[Opening INFORMATION SHOWN section]

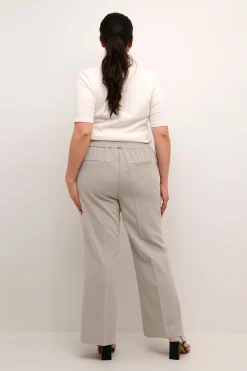KCsakira Trousers
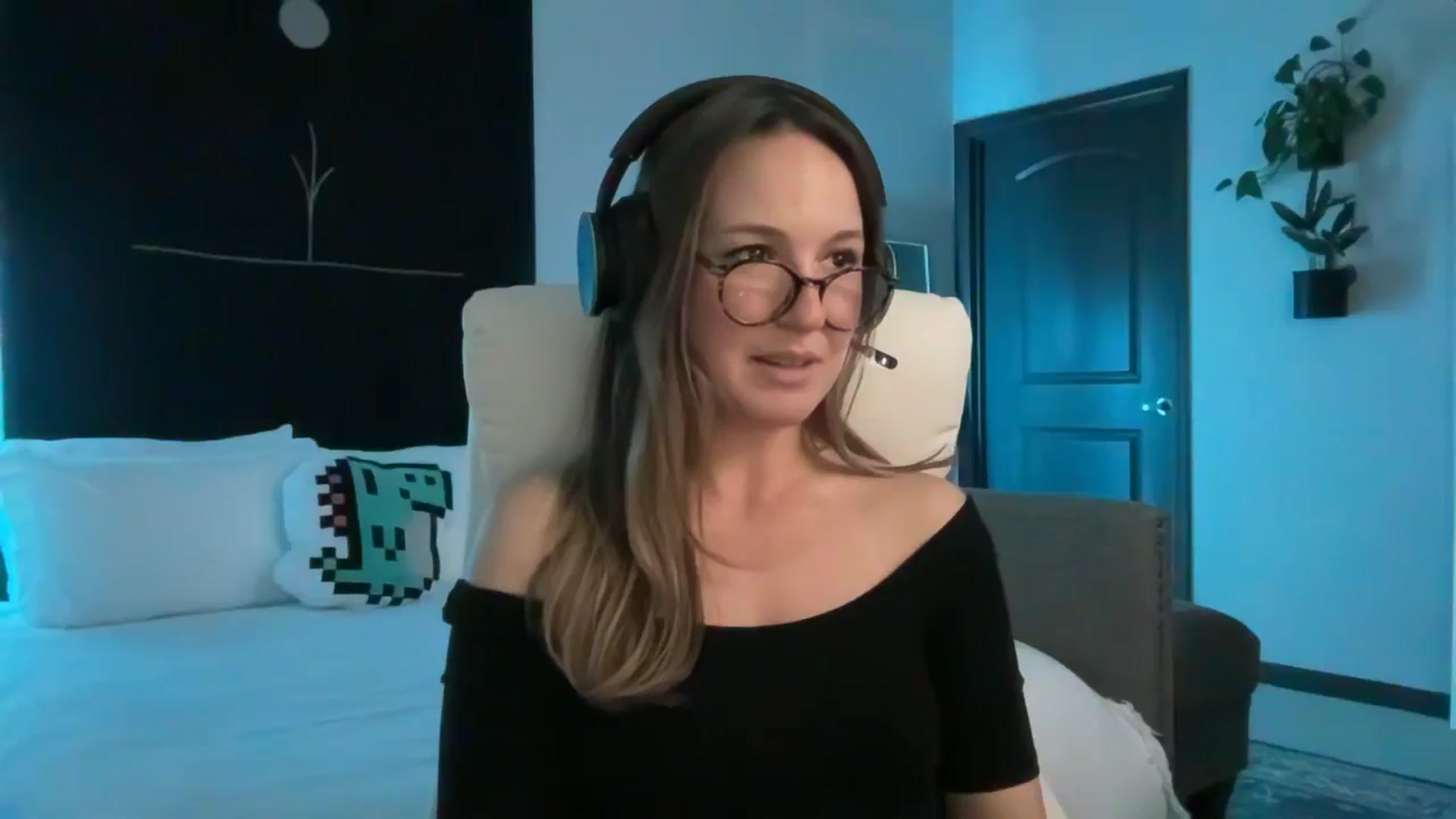 Gallery image thumbnail from LilLadyBird's myfreecams stream on, 10/22/2024, 03:18 image 5 of 20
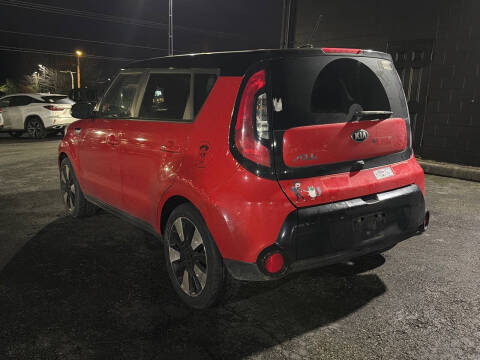2016 Kia Soul +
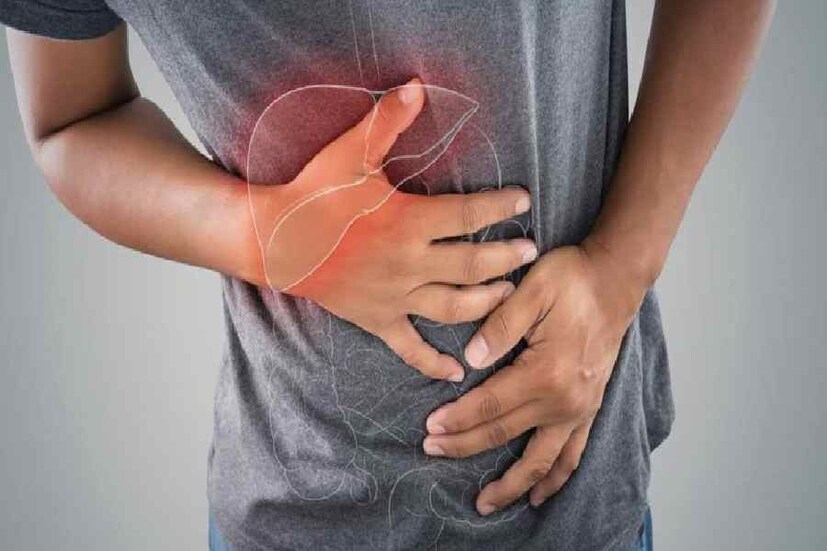 Irritable Bowel Syndrome (IBS)-এ আক্রান্তরা টম্যাটো খাবেন না। এই রোগে এমন খাবার খাওয়া উচিত নয় যাতে ফাইবার ও ফ্রুকটোজ বেশি থাকে। টম্যাটোতে বেশি ফাইবার থাকার কারণে অতিরিক্ত টম্যাটো খেলে পেটফাঁপা, গ্যাস কিংবা হজমের গোলমাল-ও হতে পারে।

[Closing INFORMATION SHOWN section]

● TASK INSTRUCTIONS
Give the listing again word for word. Skip every image.

● RESPONSE
KCsakira Trousers
 Gallery image thumbnail from LilLadyBird's myfreecams stream on, 10/22/2024, 03:18 image 5 of 20
2016 Kia Soul +
 Irritable Bowel Syndrome (IBS)-এ আক্রান্তরা টম্যাটো খাবেন না। এই রোগে এমন খাবার খাওয়া উচিত নয় যাতে ফাইবার ও ফ্রুকটোজ বেশি থাকে। টম্যাটোতে বেশি ফাইবার থাকার কারণে অতিরিক্ত টম্যাটো খেলে পেটফাঁপা, গ্যাস কিংবা হজমের গোলমাল-ও হতে পারে।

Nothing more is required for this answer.